■ **Exercise objective**: Below are records to be transcribed exactly; any pictures should be left out.

--- Materials provided ---

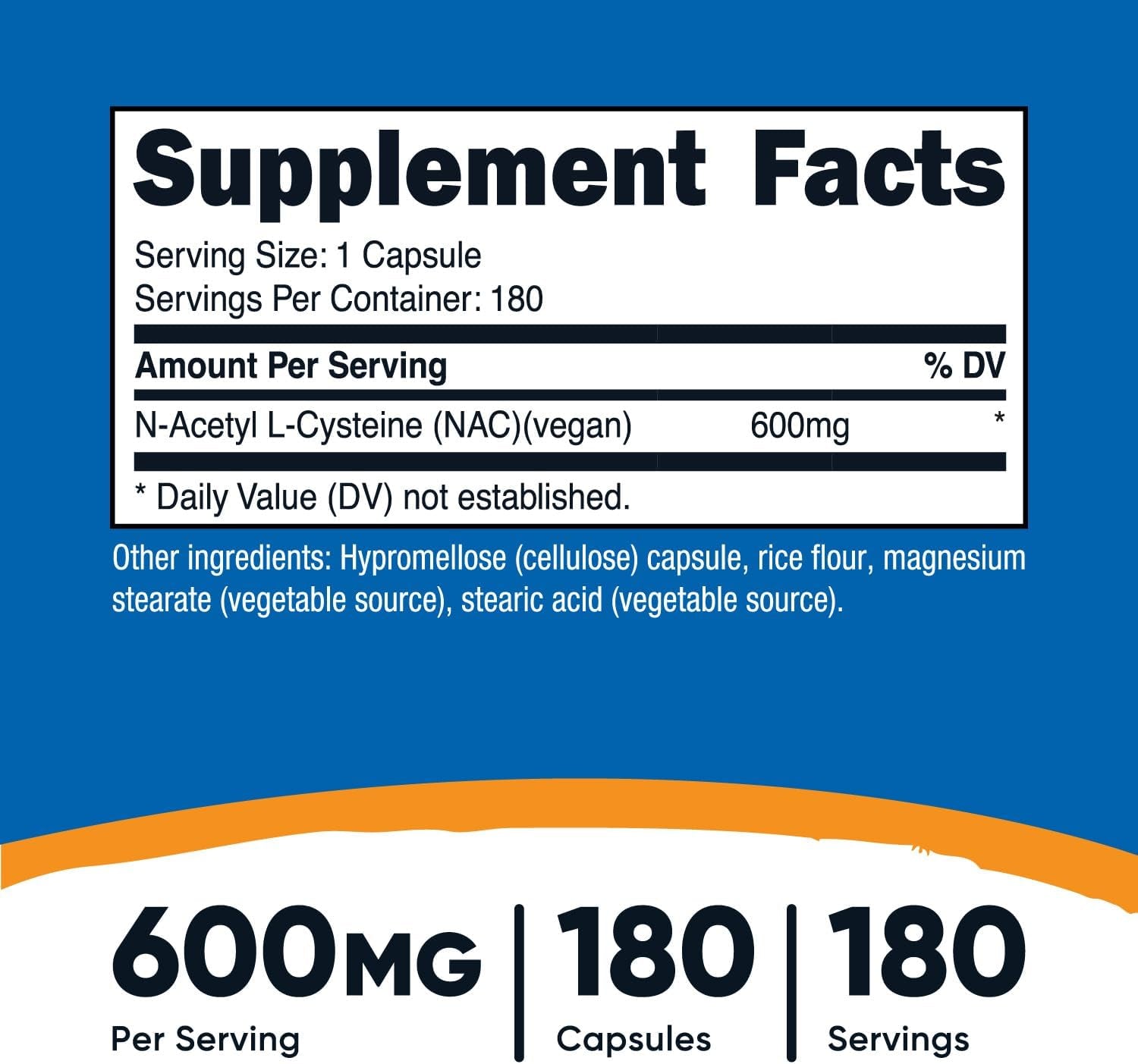 N-Acetyl L-Cysteine (NAC) 600 mg – 180 Cápsulas | Vegano, Sin OGM, Sin Gluten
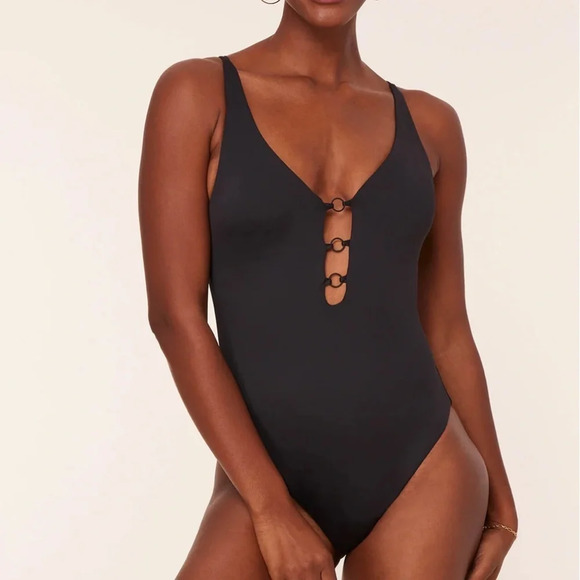 Andie The Romana One Piece swimsuit black size S NWT - Picture 1 of 8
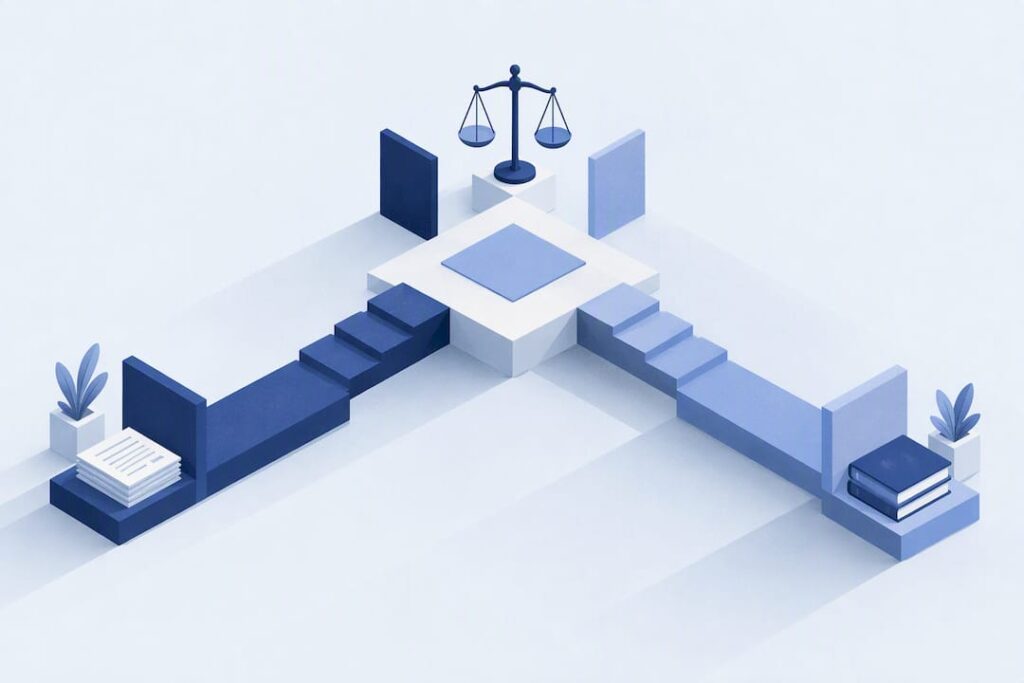 Ilustrație geometrică a medierii comerciale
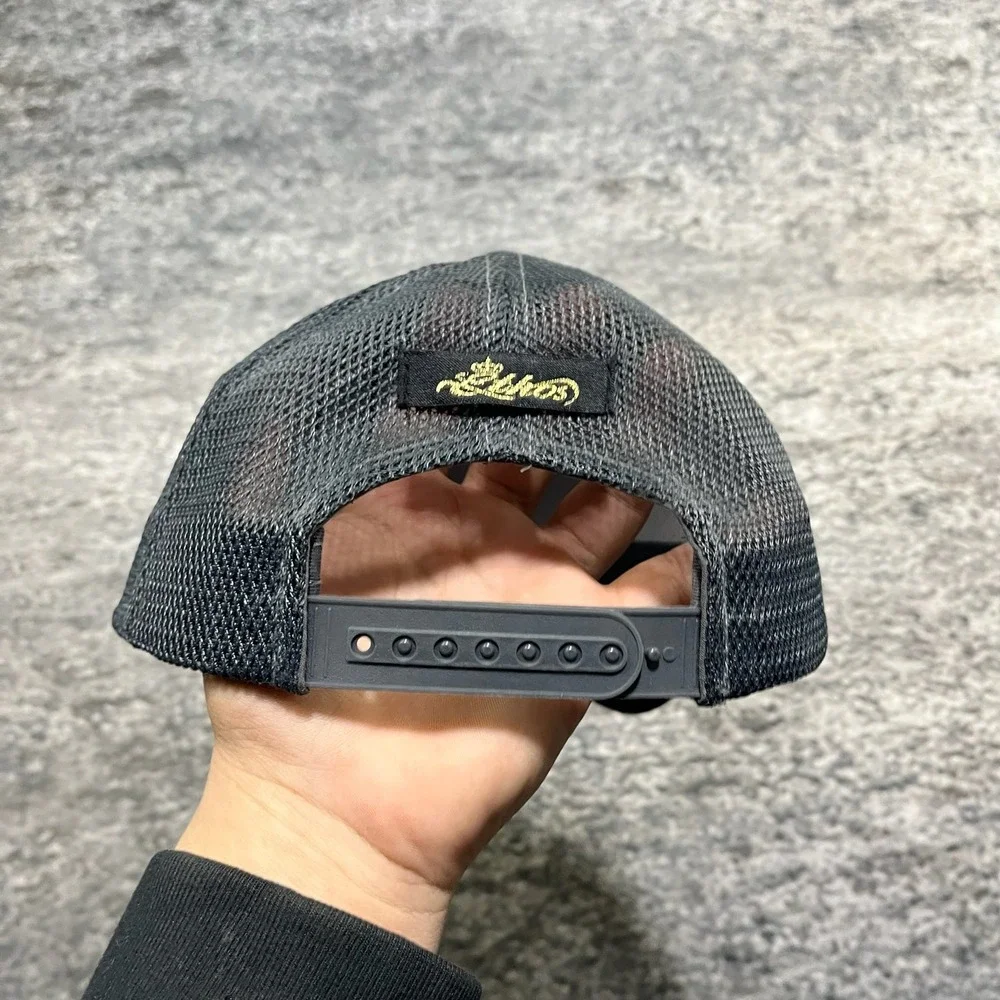 NEW KB‎ Ethos Trucket Hat Black Embroidered Cross Vintage Y2K Cyber Grunge Goth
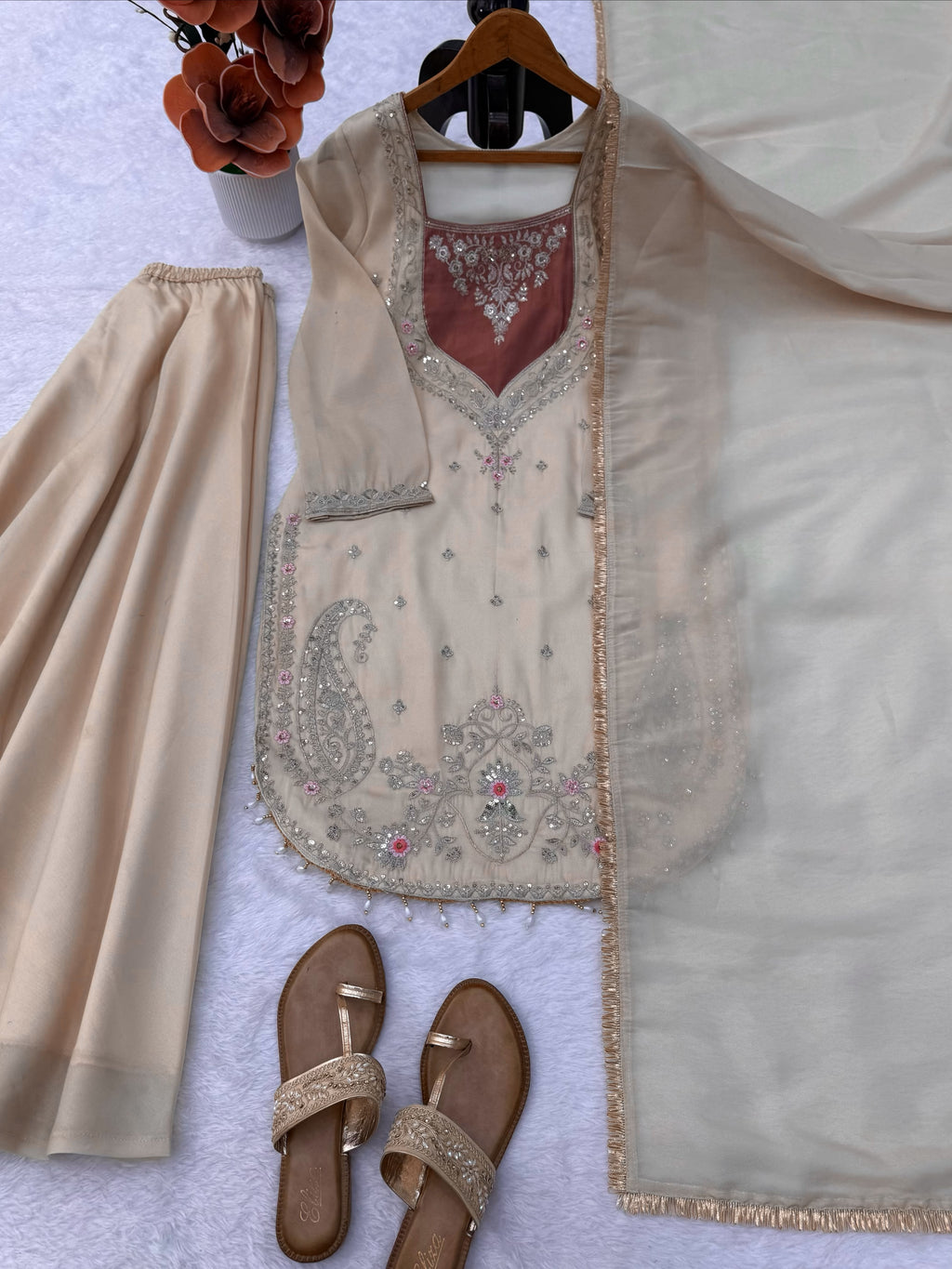 Shimmer 3-Piece Suit with Thread & Sequin Work and Lace Border Dupatta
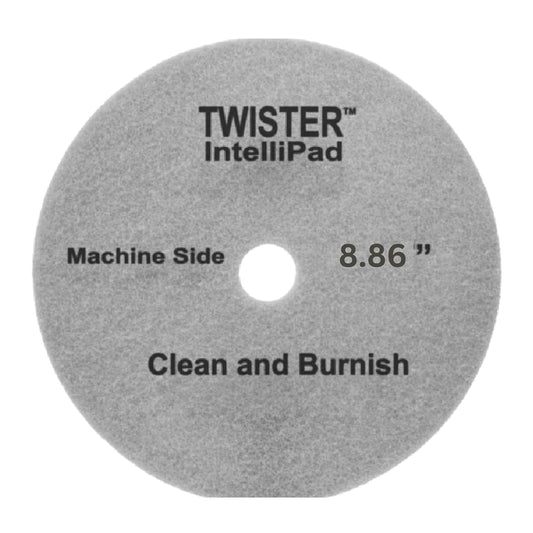 Diversey DD1231448 TASKI Twister Intellipad Diamond Coated Floor Machine Cleaning Pad, Made in USA, Burnish to High Super Gloss Finish, Grey/Brown, 8.86-inch (Pack of 2)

---

■ **Solution for this task**:
 N-Acetyl L-Cysteine (NAC) 600 mg – 180 Cápsulas | Vegano, Sin OGM, Sin Gluten
 Andie The Romana One Piece swimsuit black size S NWT - Picture 1 of 8
 Ilustrație geometrică a medierii comerciale
 NEW KB‎ Ethos Trucket Hat Black Embroidered Cross Vintage Y2K Cyber Grunge Goth
 Shimmer 3-Piece Suit with Thread & Sequin Work and Lace Border Dupatta
 Diversey DD1231448 TASKI Twister Intellipad Diamond Coated Floor Machine Cleaning Pad, Made in USA, Burnish to High Super Gloss Finish, Grey/Brown, 8.86-inch (Pack of 2)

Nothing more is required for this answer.